"Diyarbakır'daki mesele aydınlatılmalı"

Başbakan Yardımcısı Bülent Arınç, tarihi İçkale'de restorasyon sırasında insan kafatası ve kemiklerinin bulunması ile ilgili olarak konuştu.

Diyarbakırdaki mesele aydınlatılmalı
27 Ocak 2012 Cuma 19:41 tarihinde eklendi.

Başbakan Yardımcısı Bülent Arınç, tarihi İçkale'de restorasyon sırasında insan kafatası ve kemiklerinin bulunması ile ilgili olarak, "Biz de sizler kadar bu meselenin biran önce aydınlanmasını, kafatasları ve kemiklerin kimlere ve hangi döneme ait olduklarını ne şekilde öldüklerini ya da öldürüldüklerini öğrenmek istiyoruz" dedi. 
    
TRT Diyarbakır stüdyolarının açılışının ardından "İl İl Türkülerimiz Diyarbakır" albümünün tanıtım konseri için Cahit Sıtkı Tarancı Kültür Merkezine gelen Bülent Arınç, burada gazetecilerin çeşitli sorularını yanıtladı. 
    
Bir gazetecinin 42 yıl önce geldiği Diyarbakır'ın siyasete başladığı nokta olup olmadığı yönündeki sorusunu, Bülent Arınç şöyle yanıtladı: 
    
"Bir bakıma öyle.
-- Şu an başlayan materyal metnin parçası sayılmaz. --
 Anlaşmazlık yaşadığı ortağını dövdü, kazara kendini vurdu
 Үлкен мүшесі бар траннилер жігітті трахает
Böyle bir açılışta hissiyatıma mağlup oldum, bunları konuştum ama benim için çok önemliydi. Çünkü gençlik kollarında genç bir arkadaş 20 yaşlarında veya 21'e yakın. Diyarbakır'da partisinin açılışını yapacak, onun sabahında gelip Hz. Süleyman Camisinde gelip topluca namaz kılıp, dua edecekler. Oradan yola çıkıp 42 yıl sonra Başbakan Yardımcısı olarak Meclis Başkanlığı yapmış bir insan olarak, çok şükür aynı yerde o caminin restorasyonunun açılışında bulunacak. Benim için çok güzel, inanıyorum ki bu cami sahabelerin bulunduğu güzel mekanların camisidir, orada dualar kabul olur, yeter ki samimiyetle yapılmış olsun." 
     
-"Bir kabristan ve cenaze düzeninde bir gömülme olmadığı anlaşılıyor" 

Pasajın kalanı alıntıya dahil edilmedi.